Seria simples culpar apenas a amnésia. Mas por que é que esses julgamentos atuais não são manchete? Porque “não vendem jornal”. Porque já nos satisfizemos o suficiente com aquelas histórias. Morbidamente, agora queremos nos saciar de Isabella Nardoni. Com todos os detalhes possíveis.
Mas só até o mês que vem, quando nos chocaremos novamente com algo e perguntaremos: “Aonde esse mundo vai parar, meu Deus?”...

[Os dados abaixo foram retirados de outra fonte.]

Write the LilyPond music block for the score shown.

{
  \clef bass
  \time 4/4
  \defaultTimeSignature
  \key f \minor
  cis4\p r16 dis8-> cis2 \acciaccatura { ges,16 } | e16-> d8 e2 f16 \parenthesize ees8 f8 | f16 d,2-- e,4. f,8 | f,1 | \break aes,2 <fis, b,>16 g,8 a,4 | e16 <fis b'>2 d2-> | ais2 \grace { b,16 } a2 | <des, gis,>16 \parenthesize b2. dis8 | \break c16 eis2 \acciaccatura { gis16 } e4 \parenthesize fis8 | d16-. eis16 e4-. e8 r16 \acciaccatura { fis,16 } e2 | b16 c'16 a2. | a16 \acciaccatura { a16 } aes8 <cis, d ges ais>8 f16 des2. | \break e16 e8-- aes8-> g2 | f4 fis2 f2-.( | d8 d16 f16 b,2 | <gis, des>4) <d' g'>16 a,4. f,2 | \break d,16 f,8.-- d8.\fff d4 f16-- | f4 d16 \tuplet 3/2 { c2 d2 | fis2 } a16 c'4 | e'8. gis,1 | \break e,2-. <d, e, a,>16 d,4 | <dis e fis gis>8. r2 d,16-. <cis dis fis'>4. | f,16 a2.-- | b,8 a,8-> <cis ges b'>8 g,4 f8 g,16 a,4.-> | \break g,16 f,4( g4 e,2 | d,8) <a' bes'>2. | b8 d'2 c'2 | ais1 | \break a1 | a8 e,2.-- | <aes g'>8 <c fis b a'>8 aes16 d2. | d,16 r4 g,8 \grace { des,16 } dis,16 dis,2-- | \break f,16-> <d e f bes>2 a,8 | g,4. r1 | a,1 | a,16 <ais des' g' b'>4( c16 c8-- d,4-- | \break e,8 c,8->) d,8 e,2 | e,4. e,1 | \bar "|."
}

(Leia a continuação, ou o retorno, deste texto daqui a cinco anos...)
2 comentários:
Uma corrente de criticos literarios diz q a Arte para ser arte precisa de causar "estranhamento", a linguagem literaria precisa ser diferente da linguagem cotidiana e por isso nos fazer pensar sobre as duas coisas...quando escolhemos o caso Isabella, me pergunto, se escolhemos ele pq nos causa + estranhamento pq "torturar" meninas ja se tornou banal d+ ? Assim como alguns afirmam q o ataque das torres gemeas é a maior arte do seculo XX pq elimina qualquer vinculo entre Estetica e etica... Será q estamos vendo o caso Isabella como arte? O que terá q acontecer da proxima vez para provocar a mesma comoção?
=) Daqui cinco anos voce me conta!
Vanessa,
acho que não será necessário muito mais que isso para chocar não, justamente por causa da amnésia... Aliás, este caso não é a pior coisa que já vi na vida, realmente não entendo bem como chegou a este ponto de divulgação.
A arte, ou a violência, ou qualquer coisa, impressiona os que esquecem-se que quase tudo já aconteceu antes.